Painting the town red.”
Meaning to go out and have a wild night of fun, and probably debauchery. The phrase is most likely from this crazy drunken night the Marquis of Waterford had in 1837. This guy and some friends went all across an English town, knocking over flowerpots, breaking windows, and finally the mob literally painted a tollgate, the doors of several homes and a swan statue with red paint. I mean, they literally painted the town red, because who knows why.
Another theory is that the phrase came out of the brothels of the American West, and referred to guys going around acting like their whole town were a red-light district. But I’m sticking with a member of the English aristocracy going around painting crap.
"A pipe dream"
So this phrase is less cool than going nuts on an English village with a bucket of red paint.

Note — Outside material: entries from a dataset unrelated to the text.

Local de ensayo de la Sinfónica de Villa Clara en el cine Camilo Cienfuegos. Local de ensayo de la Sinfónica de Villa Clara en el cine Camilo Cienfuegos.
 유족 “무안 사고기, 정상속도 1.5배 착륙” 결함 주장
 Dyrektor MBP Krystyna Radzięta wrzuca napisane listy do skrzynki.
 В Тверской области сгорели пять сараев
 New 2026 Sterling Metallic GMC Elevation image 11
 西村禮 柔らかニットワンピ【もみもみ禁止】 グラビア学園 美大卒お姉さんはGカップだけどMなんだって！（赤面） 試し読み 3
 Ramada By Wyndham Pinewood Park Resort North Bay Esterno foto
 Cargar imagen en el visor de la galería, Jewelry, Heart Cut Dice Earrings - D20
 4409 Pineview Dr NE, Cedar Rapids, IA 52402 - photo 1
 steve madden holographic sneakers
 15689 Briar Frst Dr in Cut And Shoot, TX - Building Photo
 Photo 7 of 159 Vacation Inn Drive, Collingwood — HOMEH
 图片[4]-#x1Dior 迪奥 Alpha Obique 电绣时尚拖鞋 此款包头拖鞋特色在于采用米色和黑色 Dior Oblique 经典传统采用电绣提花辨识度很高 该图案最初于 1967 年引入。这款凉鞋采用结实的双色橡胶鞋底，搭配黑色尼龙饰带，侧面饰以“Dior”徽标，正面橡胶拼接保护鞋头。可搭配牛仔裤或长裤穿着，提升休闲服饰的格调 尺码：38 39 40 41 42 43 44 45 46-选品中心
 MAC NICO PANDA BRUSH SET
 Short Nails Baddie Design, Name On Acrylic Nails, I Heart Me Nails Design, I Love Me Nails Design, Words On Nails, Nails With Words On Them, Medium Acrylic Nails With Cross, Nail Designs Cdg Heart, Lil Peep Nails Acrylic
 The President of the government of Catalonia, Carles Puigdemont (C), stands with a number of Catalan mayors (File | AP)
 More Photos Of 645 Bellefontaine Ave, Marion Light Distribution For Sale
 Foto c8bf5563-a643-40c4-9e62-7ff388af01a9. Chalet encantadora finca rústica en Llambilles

It means that a wish is entirely unattainable, and it most likely stems from opium addictions, and the wild hallucinations people would get after smoking opium from a pipe.
"The Dog Days of Summer"
Contrary to how it may feel, the Dog Days aren’t just called that because it’s stupid freaking hot out during those weeks and it makes us pant like dogs; it actually comes from Roman astronomers. During the days between July 3rd and August 11th, they noticed that Sirius, or “the dog star” was still chilling in the sky (though not literally because that thing runs at about 9,940˚K), so they thought that because Sirius was in the sky too that’s what made those days of the year so hot.